Now consider if I present another transaction where the unique identifier field is empty, or filled with garbage. Does the system crash, or worse, does it return with the data associated with every possible unique identifier? If either of these scenarios occurs then you have a bug in your API implementation.
The Top 10 recommendations cover many more scenarios like the ones above and they form the basis of many enterprises’ internal security policies for API development and deployment. Further, they are often given to pentesters as the blueprint to direct their activities. In such enterprises, proof that an API is free from the issues found in the Top 10 list is often equated with an API that can be deployed in production, with confidence that nothing bad will happen.
If only life were that simple.
What else could go wrong?
Unfortunately, quite a lot. The thing is, exploiting vulnerabilities is only one approach to gaining unauthorized access to an API. The other way is to set up a script which impersonates ‘good’ API requests.
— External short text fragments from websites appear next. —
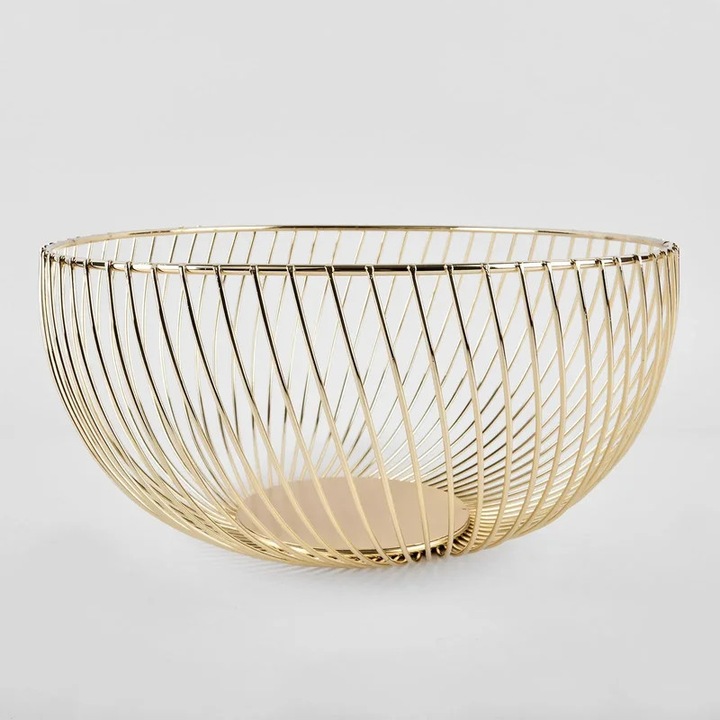Vaza cu Fructe Aurie 25x12 'Lines' din Metal - Eleganta si Versatila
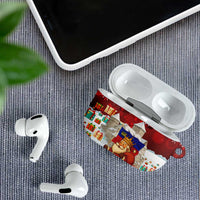 Liechtenstein Christmas AirPods Case with Santa Claus Castle Snowflakes and National Flag - Wonder Print Shop
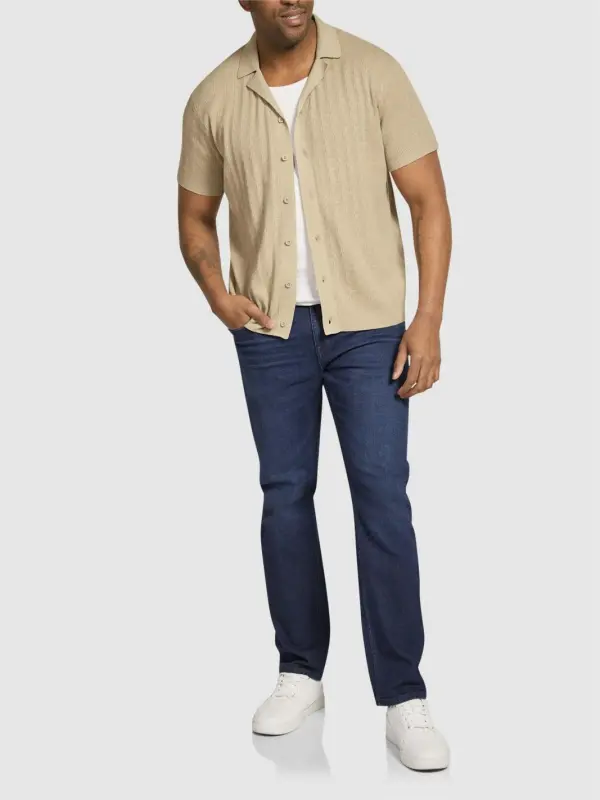 WHEAT BUTTON UP KNIT SHIRT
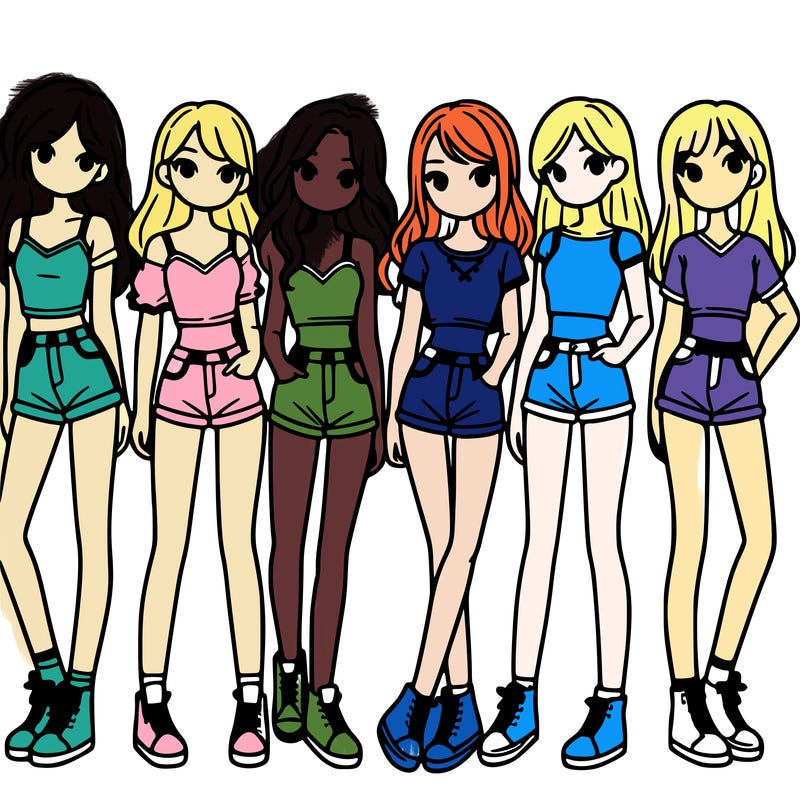 a group of girls wearing crop tops and shorts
Imagine a script which has within it valid user credentials such as usernames/passwords (or user authentication tokens) and valid API credentials such as API keys. Imagine also that this script generates correctly formed API requests using these credentials. Could your API endpoint security tell the difference between this scripted traffic and genuine API requests? My guess is probably not.
If the script operates at high frequency then any rate limiting you have in place might trigger, or if the script deviates from ‘normal’ user behavior then you might detect that as ‘suspicious’ activity but most likely you won’t notice it. Automated abuse is easily the most common attack vector against APIs today, for the simple reason that it is effective and it is easy to do.
The modern hacker is smart and sophisticated, and certainly doesn’t do work that is not necessary. If he/she is going to go to the trouble of studying and reverse engineering your API and extracting any available credentials for reuse, the first API access attempt they try will involve impersonating genuine API traffic. Think about it – why would they go to the trouble of searching for API vulnerabilities and figuring out how to exploit them when just building a script to mimic good traffic can give them all the access they need?
The fact that distinguishing between genuine and scripted traffic is so difficult amplifies the risks associated with this attack. Most enterprises have no idea how much API abuse they are suffering through this route, and the potential dangers which are in play. Automated API threats like this can be used to present valid user credentials to an API endpoint which could result in an existing account being taken over, resulting in a data breach.
Automated attacks against APIs are a whole other class of exploits which need to be considered alongside the OWASP Top 10 previously mentioned. In fact the OWASP organization created a project to look at Automated Threats To Web Applications, illustrating the fact that abuse through automated traffic is a different threat class from exploitation of vulnerabilities.
Practical steps all enterprises can take
What steps can be taken to improve the situation and protect APIs against unauthorized use by scripts? Let’s look at 3 different API situations and how they can be secured, starting with the easiest.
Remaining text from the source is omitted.